In-app advertising presents a unique opportunity to capture a consumer's attention. However, there are instances when consumers don't see the mobile-app ads that marketers purchase. The online advertising industry must wake up to this and gain a better understanding of why in-app ads are not reaching their audience. First, let me explain why this is happening.
Mobile app developers offer their apps at little or no cost to consumers in order to spur adoption. To accomplish this adoption goal, they rely on in-app advertising to monetize their apps. It's a win-win-win scenario for the developer, their customers, as well as the brands that are interested in reaching these audiences.
In order to best monetize their apps, developers often install Software Development Kits (SDKs) -- a piece of technology that provides a platform to bring the buy- and sell-sides together to trade mobile inventory -- from multiple ad vendors. When a consumer opens an app on their device and an impression becomes available, the app's SDKs will contact advertising vendors to request a banner for the ad slot.
So why install multiple SDKs? The more SDKs, the greater access to buy-side demand. App developers are keen to monetize every available impression, and one way to accomplish this is to ensure that they have access to ample buyers who are interested in their audience.
The developers may also then find themselves with too much demand for a single ad placement, which for the most part mobile in-app offers space for just one banner at a time. So, why would mobile app developers knowingly overbook, so to speak?
Developers have a strong interest in maintaining a positive user experience, ensuring as few interruptions as possible to engagement. When consumers use their mobiles and tablets on the bus or in the streets, the Internet connection may be weak, which can affect the performance of the app. In other words, the user experience can suffer if the consumer is forced to wait a long time for an ad to render on a mobile screen. To prevent these poor experiences, mobile ads are sold and pre-loaded in advance, ready for showing at intervals dictated by the logic of the app, such as between game levels.
That begs the question: what if the consumer never advances to the next level? Or abandons a function where an ad was slated to appear? These ads, sitting in a pool with other ads, have been sold (and to state the obvious, someone has paid good money for them), but a consumer will never see them.
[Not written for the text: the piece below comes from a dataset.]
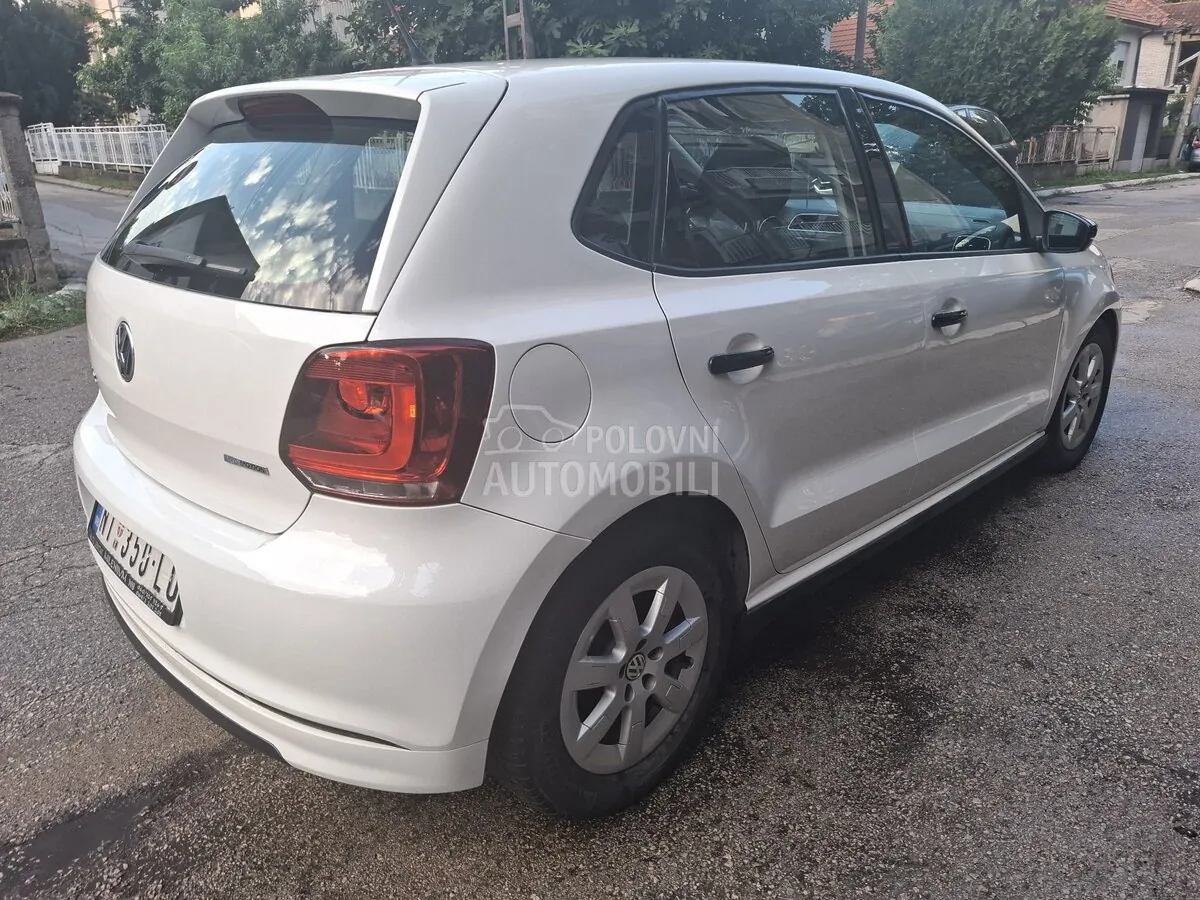 Volkswagen Polo 2010 photo 5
These unseen ads are an issue that those in the industry with greater technical knowledge are aware of, but not the people who have media budgets to spend, and who are anxious to reach a certain audience through mobile. I think this is a huge knowledge gap that needs addressing today. For example, if an advertiser pays for five million impressions and a material amount of these never have the opportunity to be seen by a user, then they need to be aware of this.
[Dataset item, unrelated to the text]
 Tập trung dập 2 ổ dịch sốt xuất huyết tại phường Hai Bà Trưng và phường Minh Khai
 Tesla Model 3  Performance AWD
It is possible for some ad servers to track when mobile in-app ads are rendered and viewable, but this functionality isn't universal. If the app developer can't report on this level of viewability detail, then the advertiser will be left in the dark, and is potentially paying for ads that are never seen.
So what can be done to address this issue? The first area to be addressed is education -- many brands and agencies are simply not aware of the potential that their ads may not be seen. Advertisers need to be educated in order to ask the right questions of their media buying partners. Often media partners are plugging into multiple sell-side (SSP) sources, whose SDKs will all function in slightly different ways. Advertisers need to ensure they are being billed only on ads that have the opportunity to be seen.
Secondly, advertisers should explore using a third-party verification vendor whose technology can detect when in-app ads are in view. Running with a verification partner across mobile media buys provides an independent audit of the campaign and will verify the ads billed for.
Ultimately, advertisers must be informed if there is any risk that their in-app advertising may not reach its intended mobile audience. Trust is essential to a thriving digital ecosystem, and if advertisers can't be confident that their ads are seen, the entire industry will suffer. So by simply being aware of this issue, understanding the buying behavior of media partners -- and their SDK sources -- will go a long way to clarifying these unknowns.